-- Task statement --
The range to repeat runs from the line with "Rolex Daytona Carbon" to the last line below, both ends included; give it exactly and without pictures.

-- Given material --
········

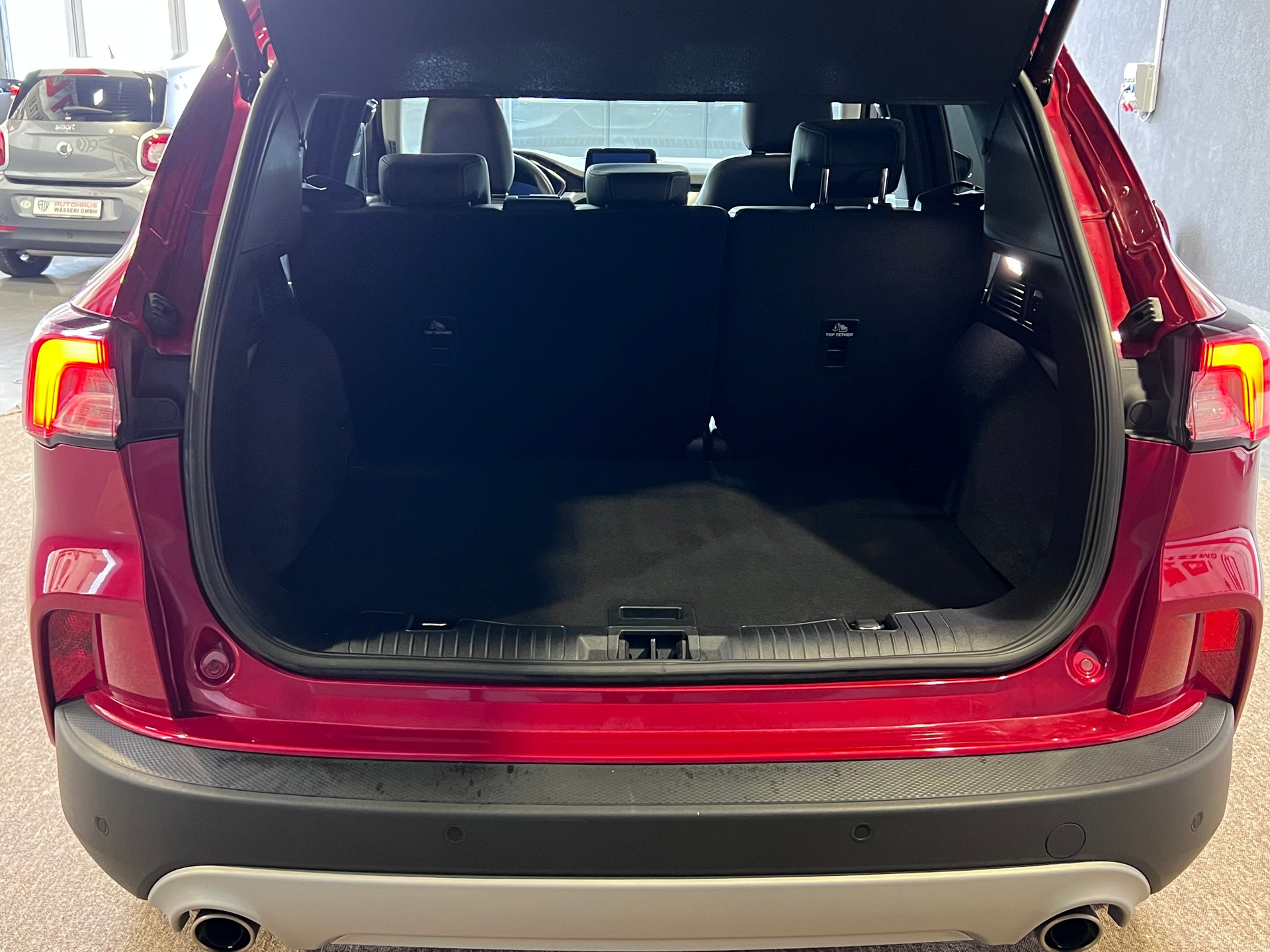 FORD Kuga 2.0 TDCi EcoBlue ST-Line X 4WD-image-4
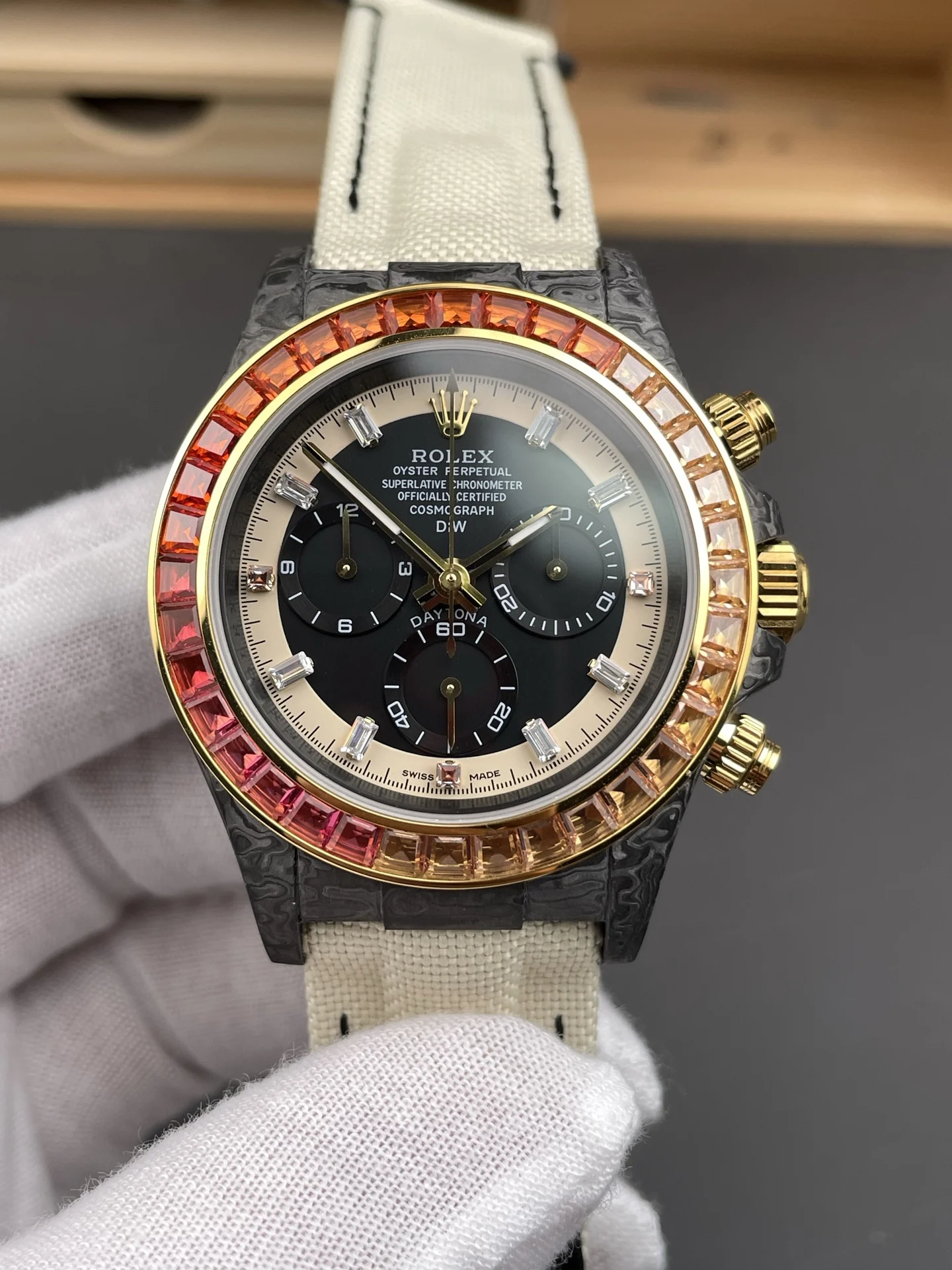 Rolex Daytona Carbon 40mm — photographed off the sweep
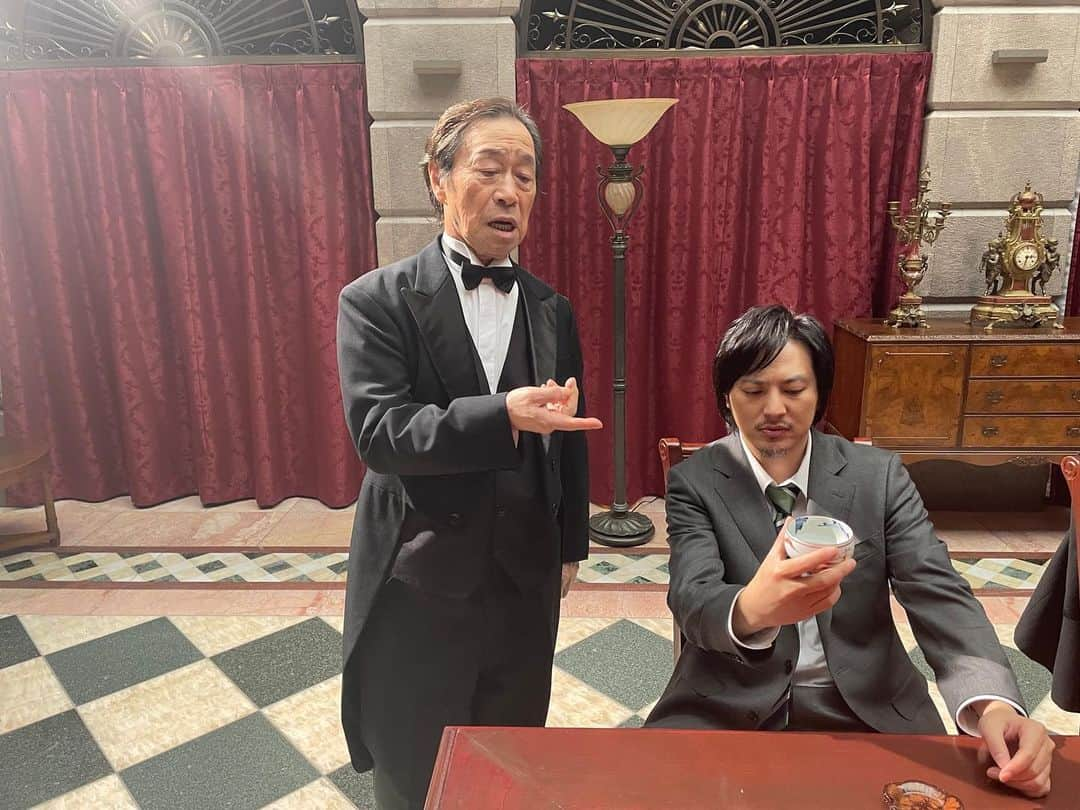 塚本高史のインスタグラム：「「ダ・カーポしませんか？」 今夜11時06分から6話！！  #ダカーポしませんか？ #テレビ東京 #ドラマ #刑事 #塚本高史」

········

-- Result --
 Rolex Daytona Carbon 40mm — photographed off the sweep
 塚本高史のインスタグラム：「「ダ・カーポしませんか？」 今夜11時06分から6話！！  #ダカーポしませんか？ #テレビ東京 #ドラマ #刑事 #塚本高史」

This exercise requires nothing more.